Data for the task –
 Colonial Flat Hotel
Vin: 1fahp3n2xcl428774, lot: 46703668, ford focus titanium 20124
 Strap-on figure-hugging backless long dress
...
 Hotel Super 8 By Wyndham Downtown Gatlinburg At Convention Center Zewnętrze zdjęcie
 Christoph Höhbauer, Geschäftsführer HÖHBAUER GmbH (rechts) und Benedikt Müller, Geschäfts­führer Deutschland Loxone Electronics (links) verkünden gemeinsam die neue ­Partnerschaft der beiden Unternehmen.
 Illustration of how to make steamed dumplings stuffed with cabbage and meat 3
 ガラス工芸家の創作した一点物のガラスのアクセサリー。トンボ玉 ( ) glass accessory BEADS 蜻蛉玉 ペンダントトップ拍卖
* * *
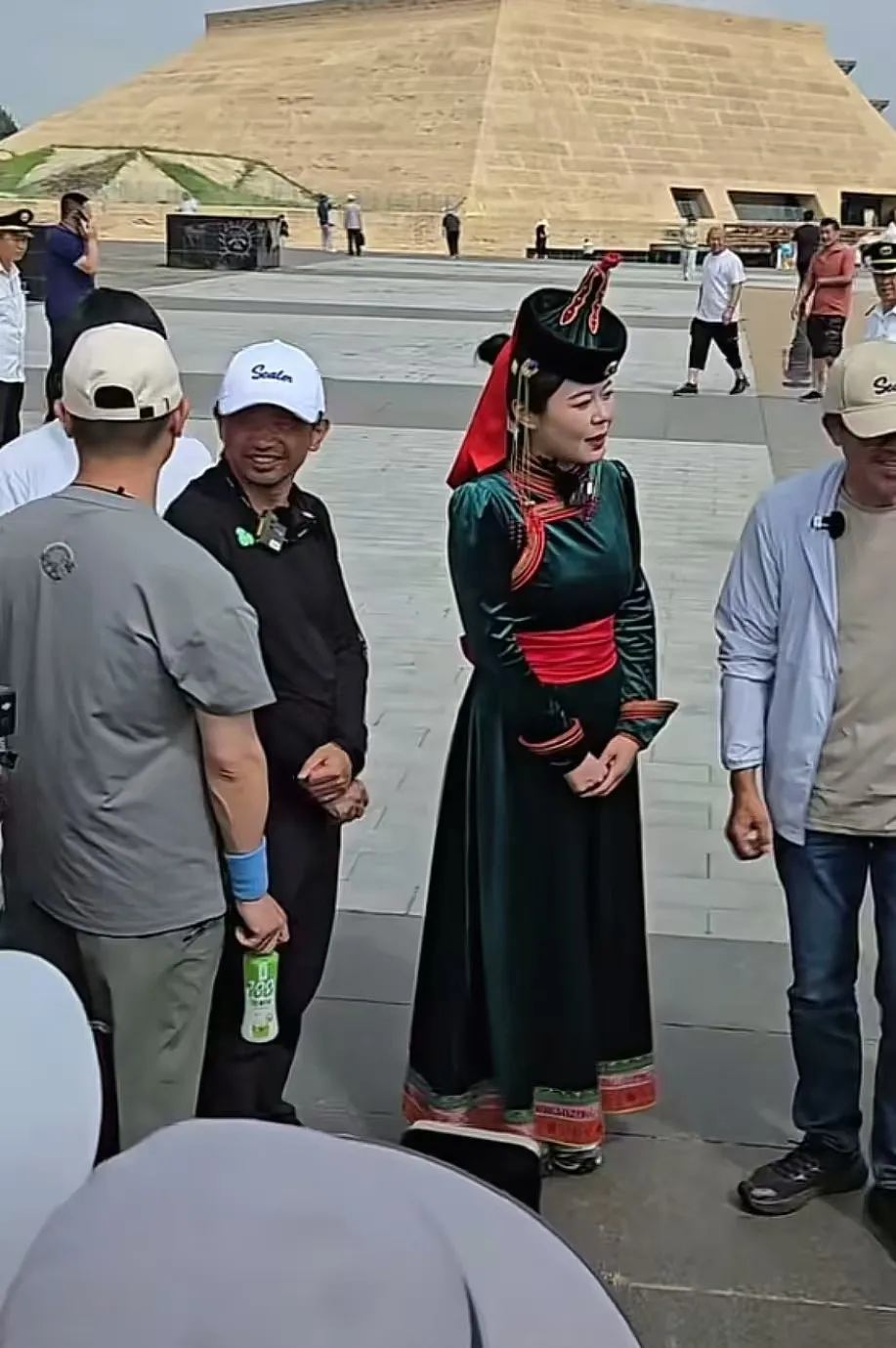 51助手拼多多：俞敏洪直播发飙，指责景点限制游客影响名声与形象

What the exercise asks – All that is wanted is the stretch of lines above from the one containing "Illustration of how" through the one containing "ガラス工芸家の創作した一点物のガラスのアクセサリー。トンボ玉 ( )", duplicated exactly.

Worked solution –
 Illustration of how to make steamed dumplings stuffed with cabbage and meat 3
 ガラス工芸家の創作した一点物のガラスのアクセサリー。トンボ玉 ( ) glass accessory BEADS 蜻蛉玉 ペンダントトップ拍卖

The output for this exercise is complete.